Samuel Marx (born Simon Marx; October 23, 1859 – May 10, 1933) was the father of American entertainment group (the) Marx Brothers, stars of vaudeville, Broadway and film, and the husband of Minnie Marx, who served as the group's manager.

Life and family
According to his birth certificate, Marx was born as Simon Marx in Alsace, in France. Due to his place of birth, he was known as "Frenchie". His parents were Simon Marx and Johanna Haennchen Isaak; he came to the U.S. from France in 1880. He met Minnie in New York where he was working as a dance teacher. They married in 1884 and had six sons. Their first son, Manfred, born in 1885, died in infancy. The other children were Leonard (Chico), born in 1887, Adolph (Harpo) in 1888, Julius (Groucho) in 1890, Milton (Gummo) in 1892, and Herbert (Zeppo) in 1901. Marx was an excellent pinochle player, a game he taught to his two eldest sons.

Career
Marx became a tailor, although apparently not a very good one.
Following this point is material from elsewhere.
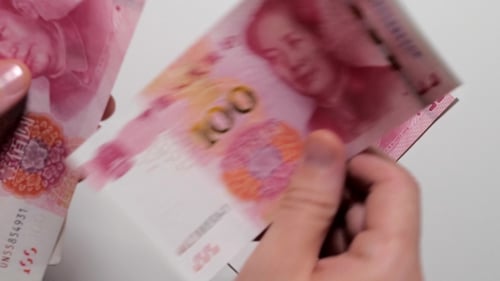 Counting Chinese Renminbi Banknotes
According to Groucho, he was a talented cook, often convincing the landlord to delay their rent pay time with a good meal. In his show An Evening With Groucho, Groucho reminisced about his father, Sam:

Harpo put the bad tailoring down to the fact that Frenchie never took the time to measure a client for a suit, preferring to guess their size. He would then take the suits that clients had rejected, travel to New Jersey, and sell them door-to-door. 

In his last interview, Zeppo joked that his late father "was a very bad tailor but he found some people who were so stupid that they would buy his clothes, and so he'd make a few dollars that way for food".
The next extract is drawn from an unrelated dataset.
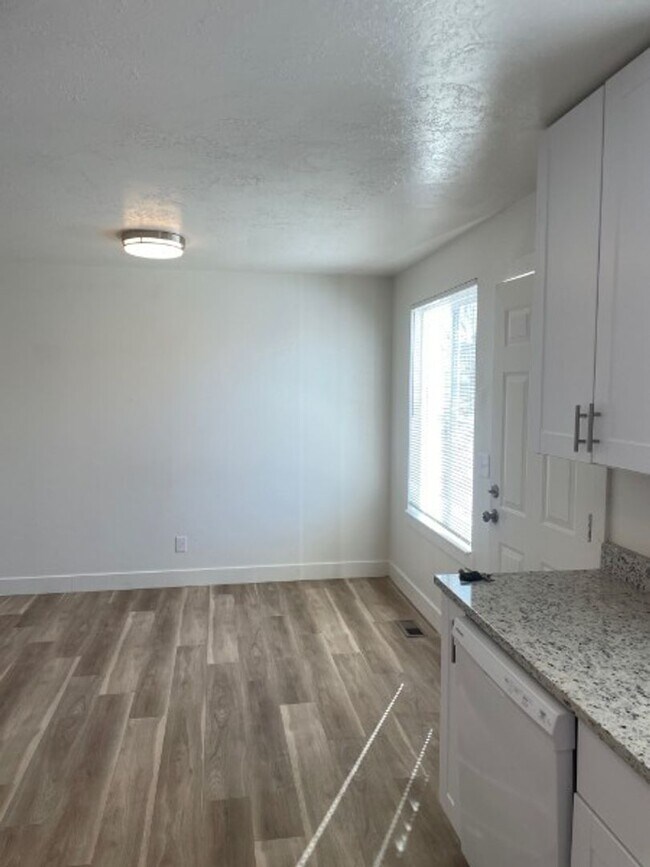 Building Photo - Spacious 3-bedroom 1.5 Bath Twin-Home with a Fenced Backyard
Cameo appearance with his sons
Marx made a cameo appearance in his four sons' film Monkey Business (1931), sitting on top of luggage behind the brothers on the pier as they wave to the First Officer, having slipped off the ship without being arrested as stowaways. (In some interviews, this scene has been mistakenly attributed  to A Night at the Opera.)

Death
Marx died in Hollywood, California, on May 10, 1933, from complications due to kidney failure. at age of 73. 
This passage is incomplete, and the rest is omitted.